The seller is liable for damages resulting from injury to life, body or health that are based on a negligent or intentional breach of duty on his part.
In addition, the seller shall be liable without limitation in accordance with the statutory provisions for other damages if these are based on a negligent or intentional breach of a material contractual obligation. This is the case if the breach of duty relates to a duty whose fulfillment is essential for the proper execution of the contract and on whose fulfillment the customer has relied and was entitled to rely. These above liability provisions are limited to the foreseeable, typically occurring damage, unless unlimited liability applies in accordance with Section 9.1. This includes in particular the breach of primary and secondary performance obligations in the period prior to delivery of the goods.

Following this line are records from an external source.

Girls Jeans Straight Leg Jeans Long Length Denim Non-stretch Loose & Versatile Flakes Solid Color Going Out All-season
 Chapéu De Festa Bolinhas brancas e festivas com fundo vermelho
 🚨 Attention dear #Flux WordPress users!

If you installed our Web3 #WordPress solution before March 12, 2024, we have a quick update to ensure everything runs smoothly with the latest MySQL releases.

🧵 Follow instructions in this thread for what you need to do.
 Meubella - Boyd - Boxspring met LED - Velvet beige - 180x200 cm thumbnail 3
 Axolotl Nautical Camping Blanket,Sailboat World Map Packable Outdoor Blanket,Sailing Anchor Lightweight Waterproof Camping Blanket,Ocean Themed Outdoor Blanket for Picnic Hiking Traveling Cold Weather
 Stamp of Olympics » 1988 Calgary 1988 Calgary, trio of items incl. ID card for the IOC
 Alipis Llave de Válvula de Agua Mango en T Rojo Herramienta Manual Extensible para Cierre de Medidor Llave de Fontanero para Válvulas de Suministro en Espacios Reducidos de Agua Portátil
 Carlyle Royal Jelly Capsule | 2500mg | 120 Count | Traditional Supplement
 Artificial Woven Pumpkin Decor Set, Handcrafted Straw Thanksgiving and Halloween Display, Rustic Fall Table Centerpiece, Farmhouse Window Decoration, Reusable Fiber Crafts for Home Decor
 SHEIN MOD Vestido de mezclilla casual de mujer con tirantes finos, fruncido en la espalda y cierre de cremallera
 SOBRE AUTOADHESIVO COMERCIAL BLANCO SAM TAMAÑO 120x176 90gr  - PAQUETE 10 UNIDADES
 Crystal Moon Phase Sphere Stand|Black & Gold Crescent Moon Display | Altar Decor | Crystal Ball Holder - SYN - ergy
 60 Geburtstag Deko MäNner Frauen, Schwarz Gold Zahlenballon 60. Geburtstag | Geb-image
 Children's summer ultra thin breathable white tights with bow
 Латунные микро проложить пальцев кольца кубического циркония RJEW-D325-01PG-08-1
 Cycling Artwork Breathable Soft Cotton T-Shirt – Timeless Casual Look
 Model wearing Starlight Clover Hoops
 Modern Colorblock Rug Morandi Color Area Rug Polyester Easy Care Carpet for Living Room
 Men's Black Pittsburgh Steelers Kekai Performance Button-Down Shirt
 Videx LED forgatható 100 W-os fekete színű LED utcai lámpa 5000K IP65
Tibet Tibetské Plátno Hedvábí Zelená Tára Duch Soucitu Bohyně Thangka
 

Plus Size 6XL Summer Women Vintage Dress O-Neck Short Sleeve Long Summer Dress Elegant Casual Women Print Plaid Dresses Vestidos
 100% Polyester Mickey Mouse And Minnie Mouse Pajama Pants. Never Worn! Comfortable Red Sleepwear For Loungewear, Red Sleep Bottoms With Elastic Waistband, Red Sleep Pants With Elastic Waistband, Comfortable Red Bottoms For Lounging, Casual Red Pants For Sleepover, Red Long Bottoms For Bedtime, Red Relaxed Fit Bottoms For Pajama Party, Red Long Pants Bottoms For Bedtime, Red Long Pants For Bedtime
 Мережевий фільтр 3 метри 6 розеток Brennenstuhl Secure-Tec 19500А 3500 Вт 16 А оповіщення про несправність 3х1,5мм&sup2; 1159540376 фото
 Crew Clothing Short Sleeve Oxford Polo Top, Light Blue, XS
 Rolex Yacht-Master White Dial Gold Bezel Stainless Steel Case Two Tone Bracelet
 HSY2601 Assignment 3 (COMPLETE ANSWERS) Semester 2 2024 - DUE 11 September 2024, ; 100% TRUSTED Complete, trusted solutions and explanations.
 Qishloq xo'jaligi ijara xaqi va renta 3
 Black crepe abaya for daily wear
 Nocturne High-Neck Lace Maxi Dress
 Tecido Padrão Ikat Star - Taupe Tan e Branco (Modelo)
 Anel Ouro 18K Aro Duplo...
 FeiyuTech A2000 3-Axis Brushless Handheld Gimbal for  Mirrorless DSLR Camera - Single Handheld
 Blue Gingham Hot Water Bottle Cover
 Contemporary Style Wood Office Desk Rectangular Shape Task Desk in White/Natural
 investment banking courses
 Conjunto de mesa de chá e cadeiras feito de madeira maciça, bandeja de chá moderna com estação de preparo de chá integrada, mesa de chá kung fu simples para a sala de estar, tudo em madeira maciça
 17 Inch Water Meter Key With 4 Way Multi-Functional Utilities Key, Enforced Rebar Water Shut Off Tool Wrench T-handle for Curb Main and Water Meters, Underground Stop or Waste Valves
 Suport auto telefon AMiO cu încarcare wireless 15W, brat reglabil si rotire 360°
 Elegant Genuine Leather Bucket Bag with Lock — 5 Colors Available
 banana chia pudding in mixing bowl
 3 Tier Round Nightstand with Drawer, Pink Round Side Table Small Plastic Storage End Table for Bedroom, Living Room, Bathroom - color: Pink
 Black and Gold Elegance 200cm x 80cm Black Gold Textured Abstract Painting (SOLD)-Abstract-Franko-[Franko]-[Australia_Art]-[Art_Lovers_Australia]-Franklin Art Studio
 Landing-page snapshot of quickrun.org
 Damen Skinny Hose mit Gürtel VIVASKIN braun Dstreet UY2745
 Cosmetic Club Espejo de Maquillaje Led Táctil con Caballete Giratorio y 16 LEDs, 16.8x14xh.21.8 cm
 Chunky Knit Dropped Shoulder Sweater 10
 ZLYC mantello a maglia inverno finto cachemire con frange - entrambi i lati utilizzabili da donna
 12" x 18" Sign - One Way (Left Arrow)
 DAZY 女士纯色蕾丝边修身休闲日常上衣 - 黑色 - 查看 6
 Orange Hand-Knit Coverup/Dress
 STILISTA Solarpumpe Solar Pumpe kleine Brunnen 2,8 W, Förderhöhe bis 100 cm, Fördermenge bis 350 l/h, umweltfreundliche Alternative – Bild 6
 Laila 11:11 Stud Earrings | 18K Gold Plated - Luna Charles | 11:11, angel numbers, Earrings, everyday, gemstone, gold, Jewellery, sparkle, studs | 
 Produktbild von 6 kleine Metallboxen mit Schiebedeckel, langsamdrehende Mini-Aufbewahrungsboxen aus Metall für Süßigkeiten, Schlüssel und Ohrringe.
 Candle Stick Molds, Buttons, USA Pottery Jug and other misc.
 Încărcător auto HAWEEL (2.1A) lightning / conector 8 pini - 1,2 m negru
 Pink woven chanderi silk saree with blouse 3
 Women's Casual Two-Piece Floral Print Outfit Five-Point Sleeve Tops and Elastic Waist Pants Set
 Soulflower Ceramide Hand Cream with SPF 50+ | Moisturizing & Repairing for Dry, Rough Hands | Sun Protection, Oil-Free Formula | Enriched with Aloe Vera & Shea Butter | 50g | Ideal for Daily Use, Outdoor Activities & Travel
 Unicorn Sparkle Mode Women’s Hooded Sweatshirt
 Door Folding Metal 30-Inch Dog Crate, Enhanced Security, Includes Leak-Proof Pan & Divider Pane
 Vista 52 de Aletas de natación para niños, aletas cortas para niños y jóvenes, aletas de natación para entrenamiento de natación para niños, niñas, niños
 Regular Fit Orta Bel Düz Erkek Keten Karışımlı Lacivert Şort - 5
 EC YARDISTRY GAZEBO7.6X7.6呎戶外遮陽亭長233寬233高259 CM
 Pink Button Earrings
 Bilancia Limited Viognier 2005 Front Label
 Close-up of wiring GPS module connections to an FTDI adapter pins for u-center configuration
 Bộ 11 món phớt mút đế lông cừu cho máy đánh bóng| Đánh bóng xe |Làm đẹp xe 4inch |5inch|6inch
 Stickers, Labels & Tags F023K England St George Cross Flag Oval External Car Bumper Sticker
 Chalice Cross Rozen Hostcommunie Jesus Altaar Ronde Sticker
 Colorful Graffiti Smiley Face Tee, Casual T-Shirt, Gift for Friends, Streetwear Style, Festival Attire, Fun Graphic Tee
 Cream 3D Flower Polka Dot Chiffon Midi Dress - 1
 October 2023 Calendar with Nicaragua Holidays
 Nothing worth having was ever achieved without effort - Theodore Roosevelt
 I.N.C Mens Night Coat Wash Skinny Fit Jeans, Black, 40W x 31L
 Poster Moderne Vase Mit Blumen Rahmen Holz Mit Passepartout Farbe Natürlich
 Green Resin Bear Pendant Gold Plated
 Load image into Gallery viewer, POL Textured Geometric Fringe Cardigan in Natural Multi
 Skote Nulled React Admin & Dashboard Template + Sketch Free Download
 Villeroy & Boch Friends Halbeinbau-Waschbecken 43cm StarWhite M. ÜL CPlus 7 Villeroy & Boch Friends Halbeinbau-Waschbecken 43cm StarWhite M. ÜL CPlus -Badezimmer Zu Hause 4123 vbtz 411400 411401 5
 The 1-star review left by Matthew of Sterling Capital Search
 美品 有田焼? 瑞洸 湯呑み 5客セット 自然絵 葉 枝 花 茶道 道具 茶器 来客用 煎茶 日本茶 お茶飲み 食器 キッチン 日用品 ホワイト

The Seller shall be liable without limitation on the basis of its own guarantee promise, unless otherwise regulated in this respect, and on the basis of mandatory liability, such as under the Product Liability Act.
The seller shall not be liable for the recovery of data unless it has caused the loss intentionally or through gross negligence and the customer has ensured that a data backup has been made so that the data can be reconstructed with reasonable effort. Otherwise, the seller’s liability is excluded.
The seller shall not be liable for the loss of a consignment in the event of a storage or garage contract, irrespective of a different designation, between the buyer and the commissioned transport company. The above liability regulations also apply with regard to the liability of the seller for his vicarious agents and legal representatives.
Use of customer data
With regard to all data concerning the business relationship with the customer, the data protection regulations apply, which can be found in our online store. For further questions on the subject of data protection, the buyer can refer to the information page www.viveroo.com/datenschutz/. Otherwise, the buyer can send inquiries to info@viveroo.com.
Information on dispute resolution
The EU Commission provides a platform for online dispute resolution on the Internet at the following link: https://webgate.ec.europa.eu/odr/ This platform serves as a contact point for the out-of-court settlement of disputes arising from online purchase or service contracts in which a consumer is involved. The seller is neither obliged nor willing to participate in a dispute resolution procedure before a consumer arbitration board.
Place of jurisdiction, applicable law, partial invalidity
In business transactions with merchants and legal entities under public law, Paderborn is agreed as the place of jurisdiction for all legal disputes arising from the contract, including actions on bills of exchange and checks; the seller is also entitled to file suit at the customer’s registered office.
German law shall apply exclusively. In business transactions with consumers within the European Union, the law of the consumer’s place of residence may also be applicable, provided that consumer law provisions are mandatory.
If individual provisions of the delivery contract or these General Terms and Conditions are invalid, the remaining provisions shall remain valid.